Press contact: Kendy Genovese, Weinstein Gallery kendy@weinstein.com / 415-362-8151
Exhibition: Hassel Smith Venue: Weinstein Gallery, 291 Geary Street, Second Floor, San Francisco Dates: October 27 – December 8, 2012
Exhibition opening reception: Saturday, October 27, 6–9 PM Roundtable Discussion: 4 PM
Online catalogue and link to view the exhibition: weinstein.com
"Hassel Smith is one of the most under-appreciated American painters of the post-war era." —critic Tyler Green
San Francisco, CA - Weinstein Gallery is honored to present Hassel Smith, the first major retrospective of the artist to be mounted in San Francisco in more than thirty years. Revered by Art in America as a "West Coast underground legend," Hassel Smith was a critically acclaimed painter and respected innovator in the early abstract experimentations taking place in post–World War II California. Synthesizing the art, jazz, poetry and politics of the day into his breakthrough paintings, Smith became a central figure in what is now called the San Francisco Renaissance.
Smith's influential legacy began at the California School of Fine Arts (now the San Francisco Art Institute), where he worked alongside such artists such as Clyfford Still, Richard Diebenkorn, Elmer Bischoff, David Park, and others, under the leadership of the legendary curator Douglas MacAgy.
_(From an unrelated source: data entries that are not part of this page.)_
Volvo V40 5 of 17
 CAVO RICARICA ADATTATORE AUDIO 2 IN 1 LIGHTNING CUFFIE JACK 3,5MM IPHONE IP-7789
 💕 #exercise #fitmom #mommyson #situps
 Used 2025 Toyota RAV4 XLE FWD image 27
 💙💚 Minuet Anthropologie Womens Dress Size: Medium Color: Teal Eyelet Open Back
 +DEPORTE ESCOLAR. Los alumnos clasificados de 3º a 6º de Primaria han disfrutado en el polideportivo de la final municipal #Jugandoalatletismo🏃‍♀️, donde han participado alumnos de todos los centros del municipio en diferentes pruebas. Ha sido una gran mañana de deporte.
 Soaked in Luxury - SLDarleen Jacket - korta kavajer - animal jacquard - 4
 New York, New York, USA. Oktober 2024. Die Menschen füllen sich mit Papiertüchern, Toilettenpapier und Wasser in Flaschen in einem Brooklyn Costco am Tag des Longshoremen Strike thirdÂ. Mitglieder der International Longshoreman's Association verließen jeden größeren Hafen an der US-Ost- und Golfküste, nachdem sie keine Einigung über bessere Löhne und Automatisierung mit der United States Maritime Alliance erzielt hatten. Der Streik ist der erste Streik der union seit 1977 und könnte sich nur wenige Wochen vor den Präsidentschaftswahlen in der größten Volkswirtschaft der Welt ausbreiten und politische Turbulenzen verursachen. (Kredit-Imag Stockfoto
He would enjoy highly successful solo shows at Dilexi Gallery in San Francisco, the Ferus Gallery in Los Angeles, as well as Gimpel Fils in London and André Emmerich in New York City. Smith would also be honored with three retrospective exhibitions during his life time at San Francisco Museum of Art in 1975, the Oakland Museum of Art in 1981, and the Sonoma County Museum in 2002.
Yet as important and influential as Hassel Smith was, the man and his works have been conspicuously absent from any major exhibitions of American art and sadly relegated to a mere footnote in the history of Abstract Expressionism. Because of this, the artist's innovative paintings dating from the late 1960s—when he moved to England—to the late 1990s have not received the critical attention that they deserve. It is time for Smith's entire body of work to be seen and considered again by a larger American public.
This six decade retrospective at Weinstein Gallery coincides with the release of the first major monograph of the artist published by Prestel and featuring critical and biographical essays by Dr. Petra Giloy-Hirtz, Paul Karlstrom, Susan Landauer, Robert C. Morgan, and Peter Selz. The exhibition includes a range of paintings from each era in an effort to show the complete arc of Hassel Smith's work, elucidating its continuity of form and intention, even as the styles changed. Always iconoclastic, Smith's long career moved fluidly from figuration to abstraction to non-objective and back again, but the artist's vision remained uniquely his own.
A roundtable discussion preceding the opening reception will include the authors of the monograph, as well as Dr. David Anfam, curator of the Clyfford Still Museum, and Mark Harrington of the Hassel Smith Estate.